In a 60-second speech, she explained Brando could not accept the award, adding the absent actor had asked Littlefeather to decline the award for him in an act of protest against the “treatment of Native Americans by the film industry.”

Littlefeather had been instructed not to touch the Oscar statuette and had been given a typed eight-page speech to read.

File/American Indian activist Sacheen Littlefeather adorned w. tribal, beaded pigtail decorations & feather in her hair as she wears a down jacket over squaw dress while marching in a parade; San Francisco. (Kim Komenich/Getty)

AFP reports she said Western star John Wayne had to be restrained from physically assaulting her as she left the stage.

Littlefeather, a member of the Screen Actors’ Guild, subsequently found it difficult to get work in Hollywood, with casting directors warned not to employ her.

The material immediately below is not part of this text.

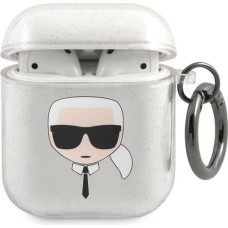 Karl Lagerfeld KLA2UKHGS AirPods cover srebrny/silver Glitter Karl`s Head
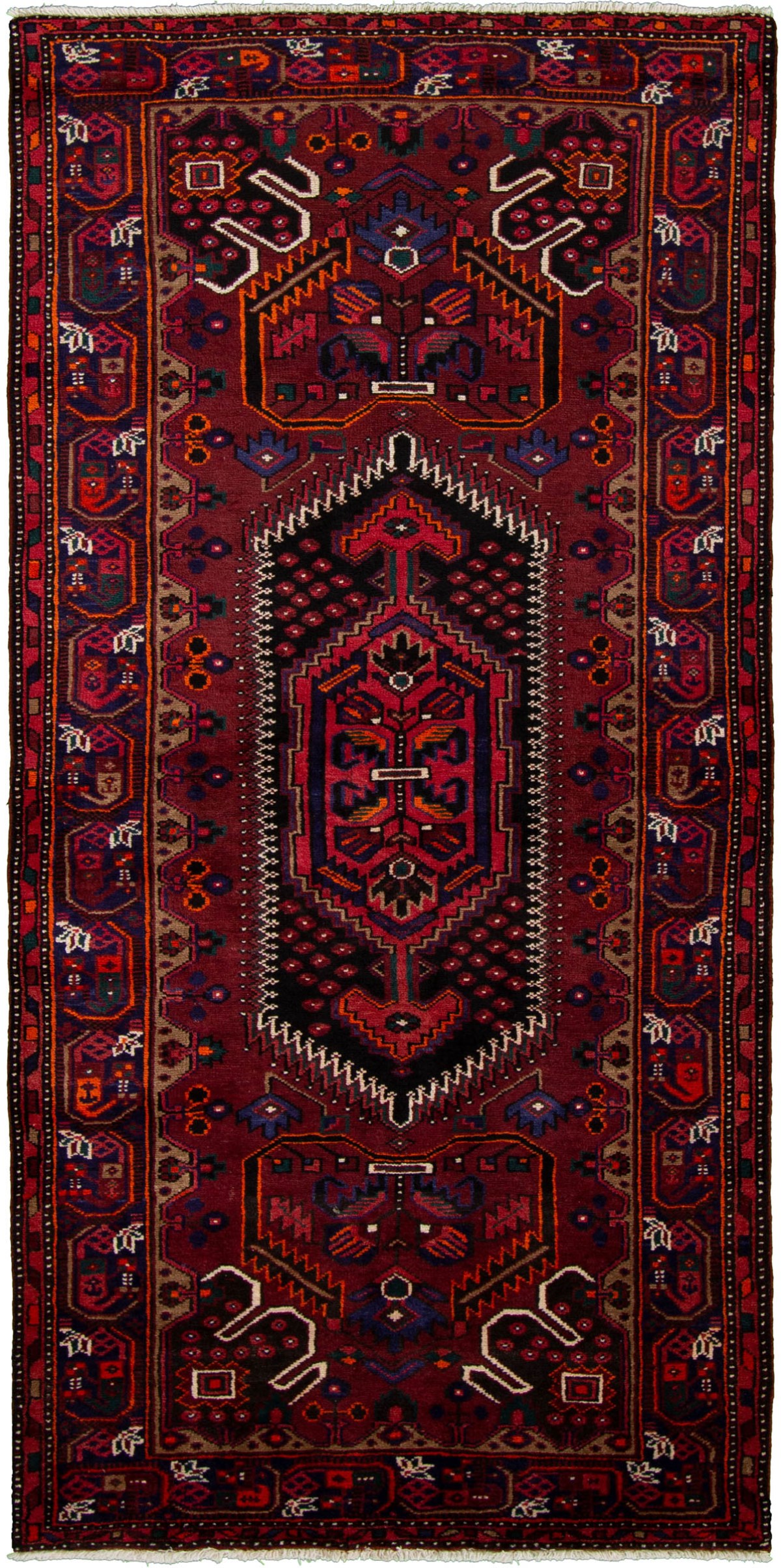 Hand-knotted Hamadan Dark Red Wool Rug 4'1" x 8'5" Size: 4'1" x 8'5"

In a podcast earlier this year with Jacqueline Stewart, a film scholar and director of the Academy Museum, Littlefeather reflected on what compelled her to speak out in 1973.

Sacheen Littlefeather on stage at AMPAS Presents An Evening with Sacheen Littlefeather at Academy Museum of Motion Pictures on September 17, 2022 in Los Angeles. (Frazer Harrison/Getty)

“I felt that there should be Native people, Black people, Asian people, Chicano people — I felt there should be an inclusion of everyone,” said Littlefeather.

“A rainbow of people that should be involved in creating their own image.”